Is it ever worthwhile to optimize without a working solution? Also, computation of a distance matrix over the entire data set rarely needs to be fast because you only do it once--when you need to know a distance between two points, you just look it up, it's already calculated.
So if you don't have a place to start, here's one. If you want to do this in Numpy without the need to write any inline fortran or C, that should be no problem, though perhaps you want to include this small vector-based virtual machine called "numexpr" (available on PyPI, trivial to intall) which in this case gave a 5x performance boost versus Numpy alone.

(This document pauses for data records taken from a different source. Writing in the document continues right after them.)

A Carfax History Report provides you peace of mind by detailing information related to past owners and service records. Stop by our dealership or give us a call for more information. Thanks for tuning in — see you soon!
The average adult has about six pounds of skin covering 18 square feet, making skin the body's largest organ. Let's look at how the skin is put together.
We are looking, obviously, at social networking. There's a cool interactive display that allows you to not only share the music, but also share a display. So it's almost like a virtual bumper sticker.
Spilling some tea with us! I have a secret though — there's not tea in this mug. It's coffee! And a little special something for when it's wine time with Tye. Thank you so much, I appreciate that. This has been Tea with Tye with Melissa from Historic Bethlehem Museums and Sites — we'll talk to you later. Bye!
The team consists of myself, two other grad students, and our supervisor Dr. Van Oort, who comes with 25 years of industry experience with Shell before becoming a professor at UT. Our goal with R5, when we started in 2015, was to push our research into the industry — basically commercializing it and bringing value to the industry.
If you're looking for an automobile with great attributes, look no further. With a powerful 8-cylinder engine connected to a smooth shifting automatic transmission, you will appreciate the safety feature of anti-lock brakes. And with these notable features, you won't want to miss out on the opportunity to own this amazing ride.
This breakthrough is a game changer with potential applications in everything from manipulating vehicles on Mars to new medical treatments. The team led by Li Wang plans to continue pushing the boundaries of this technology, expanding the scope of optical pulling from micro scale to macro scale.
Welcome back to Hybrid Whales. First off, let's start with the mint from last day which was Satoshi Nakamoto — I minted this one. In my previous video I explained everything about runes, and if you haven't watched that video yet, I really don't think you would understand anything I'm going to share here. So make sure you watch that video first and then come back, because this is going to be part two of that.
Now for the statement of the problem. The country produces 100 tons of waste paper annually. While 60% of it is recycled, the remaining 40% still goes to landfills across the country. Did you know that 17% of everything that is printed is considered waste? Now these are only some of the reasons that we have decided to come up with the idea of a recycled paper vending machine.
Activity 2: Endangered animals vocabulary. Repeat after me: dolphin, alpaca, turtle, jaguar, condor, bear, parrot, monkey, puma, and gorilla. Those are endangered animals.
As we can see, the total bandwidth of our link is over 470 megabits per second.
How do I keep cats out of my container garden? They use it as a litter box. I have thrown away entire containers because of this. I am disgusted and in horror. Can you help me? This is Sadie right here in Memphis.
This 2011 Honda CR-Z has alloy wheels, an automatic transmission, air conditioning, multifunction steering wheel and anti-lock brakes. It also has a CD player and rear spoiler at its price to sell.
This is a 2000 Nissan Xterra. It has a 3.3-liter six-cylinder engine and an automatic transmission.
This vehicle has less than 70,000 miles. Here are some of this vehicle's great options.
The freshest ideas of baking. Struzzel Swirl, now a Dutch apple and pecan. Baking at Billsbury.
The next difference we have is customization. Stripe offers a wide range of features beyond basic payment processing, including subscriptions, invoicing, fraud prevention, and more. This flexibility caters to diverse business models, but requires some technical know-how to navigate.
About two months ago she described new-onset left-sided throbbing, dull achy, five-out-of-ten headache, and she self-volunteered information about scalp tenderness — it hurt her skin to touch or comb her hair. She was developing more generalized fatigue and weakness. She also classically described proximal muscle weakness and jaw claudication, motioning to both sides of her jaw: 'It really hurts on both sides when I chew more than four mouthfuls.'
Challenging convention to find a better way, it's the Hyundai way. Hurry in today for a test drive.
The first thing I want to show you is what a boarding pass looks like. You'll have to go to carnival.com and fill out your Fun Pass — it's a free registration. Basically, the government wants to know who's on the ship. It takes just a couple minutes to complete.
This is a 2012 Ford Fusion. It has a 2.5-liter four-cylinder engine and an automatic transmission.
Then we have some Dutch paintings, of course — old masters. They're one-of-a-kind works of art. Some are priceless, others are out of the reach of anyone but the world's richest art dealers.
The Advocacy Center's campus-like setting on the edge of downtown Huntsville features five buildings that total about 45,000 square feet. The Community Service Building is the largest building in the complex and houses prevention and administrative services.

Below i've calculated a distance matrix for 10,000 points in 2D space (a 10K x 10k matrix giving the distance between all 10k points). This took 59 seconds on my MBP.
无法回避评估的数量:
Sum[ni, {i, 0, n} ] = http://www.equationsheet.com/latexrender/pictures/27744c0bd81116aa31c138ab38a2aa87.gif
但是,如果您可以使用 近似结果。这取决于您的需求。
如果您要计算平均值,我建议您在计算之前不要尝试将所有值放入数组中。只需计算总和(如果还需要标准差,则计算平方和)并在计算时丢弃每个值。
自
There's no getting around the number of evaluations:
Sum[n-i, {i, 0, n}] = http://www.equationsheet.com/latexrender/pictures/27744c0bd81116aa31c138ab38a2aa87.gif
But you can save yourself the expense of all those square roots if you can get by with an approximate result. It depends on your needs.
If you're going to calculate an average, I would advise you to not try putting all the values into an array before calculating. Just calculate the sum (and sum of squares if you need standard deviation as well) and throw away each value as you calculate it.
Since
and
, I don't know if this means you have to multiply by two somewhere.
如果您想要快速且不精确的解决方案,您可以采用快速多极方法算法。
相距较小距离的点对最终平均距离的贡献较小,因此将点分组为簇并比较簇距离是有意义的。
If you want a fast and inexact solution, you could probably adapt the Fast Multipole Method algorithm.
Points that are separated by a small distance have a smaller contribution to the final average distance, so it would make sense to group points into clusters and compare the clusters distances.
在水平轴 (1D) 上的一组点中,“欧几里得距离”只是点之间的差异,您可以使用 np.diff 非常轻松地计算它们的平均值:
打印结果:
37.2
如果您想考虑结果平均值中的负差异,则可以排除
abs
。祝你好运。in just a set of points on a horizontal axis (1D), the "euclidean distance" is simply the difference between points, and you can use
np.diff
to calculate their mean very easily:which prints:
37.2
you can exclude
abs
if you want to consider negative differences in the resulted mean. good luck.